Source code for easygraph.datapipe.normalize

from typing import Optional
from typing import Union

import torch


[docs]def norm_ft(X: torch.Tensor, ord: Optional[Union[int, float]] = None) -> torch.Tensor:
    r"""Normalize the input feature matrix with specified ``ord`` refer to pytorch's `torch.linalg.norm <https://pytorch.org/docs/stable/generated/torch.linalg.norm.html#torch.linalg.norm>`_ function.

    .. note::
        The input feature matrix is expected to be a 1D vector or a 2D tensor with shape (num_samples, num_features).

    Args:
        ``X`` (``torch.Tensor``): The input feature.
        ``ord`` (``Union[int, float]``, optional): The order of the norm can be either an ``int``, ``float``. If ``ord`` is ``None``, the norm is computed with the 2-norm.
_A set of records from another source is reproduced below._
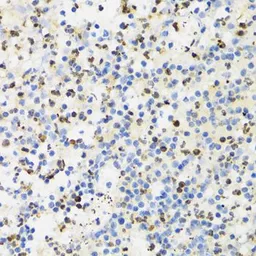 Anti-SUMO4 antibody used in IHC (Paraffin sections) (IHC-P). GTX54685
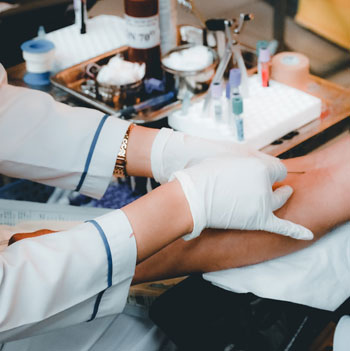 Дискретный (безаппаратный) плазмаферез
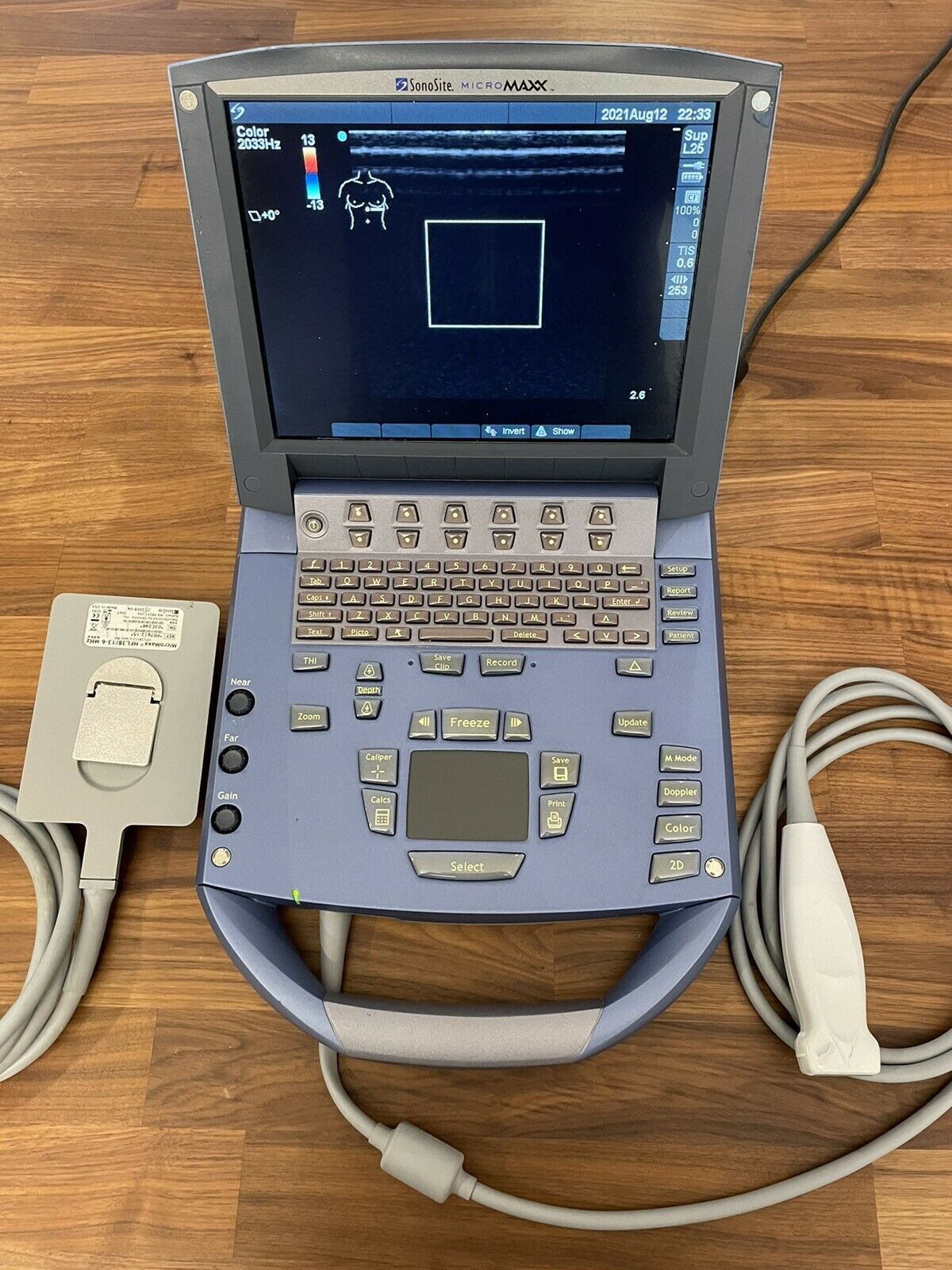 SONOSITE MICROMAXX 2008 CW DOPPLER W/ 2 Probes PORTABLE ULTRASOUND DIAGNOSTIC ULTRASOUND MACHINES FOR SALE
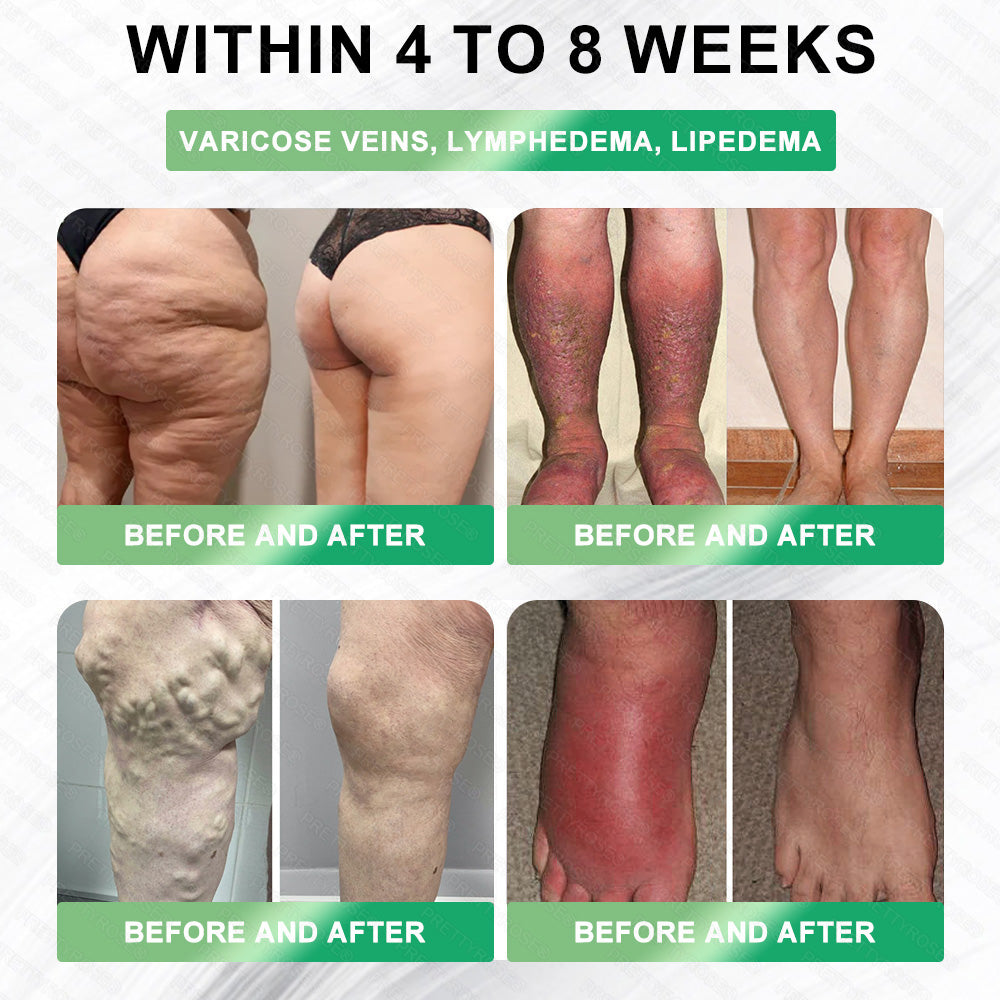 ⏰Congratulations! You’ve unlocked an exclusive 𝑷𝒓𝒆𝒕𝒕𝒚𝒓𝒐𝒔𝒆® offer! An extra30% 𝑂𝐹𝐹 has been applied just for you today! Click below to claim it now — 𝗍𝗁𝗂𝗌 𝗌𝗉𝖾𝖼𝗂𝖺𝗅 𝖽𝖾𝖺𝗅 𝗐𝗈𝗇’𝗍 𝗅𝖺𝗌𝗍 𝗅𝗈𝗇𝗀! ⏰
Defaults to ``None``.

    Examples:
        >>> import easygraph.datapipe as dd
        >>> import torch
        >>> X = torch.tensor([
                    [0.1, 0.2, 0.5],
                    [0.5, 0.2, 0.3],
                    [0.3, 0.2, 0]
                ])
        >>> dd.norm_ft(X)
        tensor([[0.1826, 0.3651, 0.9129],
                [0.8111, 0.3244, 0.4867],
                [0.8321, 0.5547, 0.0000]])
    """
    if X.dim() == 1:
        X_norm = 1 / torch.linalg.norm(X, ord=ord)
        X_norm[torch.isinf(X_norm)] = 0
        return X * X_norm
    elif X.dim() == 2:
        X_norm = 1 / torch.linalg.norm(X, ord=ord, dim=1, keepdim=True)
        X_norm[torch.isinf(X_norm)] = 0
        return X * X_norm
    else:
        raise ValueError(
            "The input feature matrix is expected to be a 1D verter or a 2D tensor with"
            " shape (num_samples, num_features)."
        )


[docs]def min_max_scaler(X: torch.Tensor, ft_min: float, ft_max: float) -> torch.Tensor:
    r"""Normalize the input feature matrix with min-max scaling.

    Args:
        ``X`` (``torch.Tensor``): The input feature.
        ``ft_min`` (``float``): The minimum value of the output feature.
        ``ft_max`` (``float``): The maximum value of the output feature.

    Examples:
        >>> import easygraph.datapipe as dd
        >>> import torch
        >>> X = torch.tensor([
                    [0.1, 0.2, 0.5],
                    [0.5, 0.2, 0.3],
                    [0.3, 0.2, 0.0]
                ])
        >>> dd.min_max_scaler(X, -1, 1)
        tensor([[-0.6000, -0.2000,  1.0000],
                [ 1.0000, -0.2000,  0.2000],
                [ 0.2000, -0.2000, -1.0000]])
    """
    assert (
        ft_min < ft_max
    ), "The minimum value of the feature should be less than the maximum value."
    X_min, X_max = X.min().item(), X.max().item()
    X_range = X_max - X_min
    scale_ = (ft_max - ft_min) / X_range
    min_ = ft_min - X_min * scale_
    X = X * scale_ + min_
    return X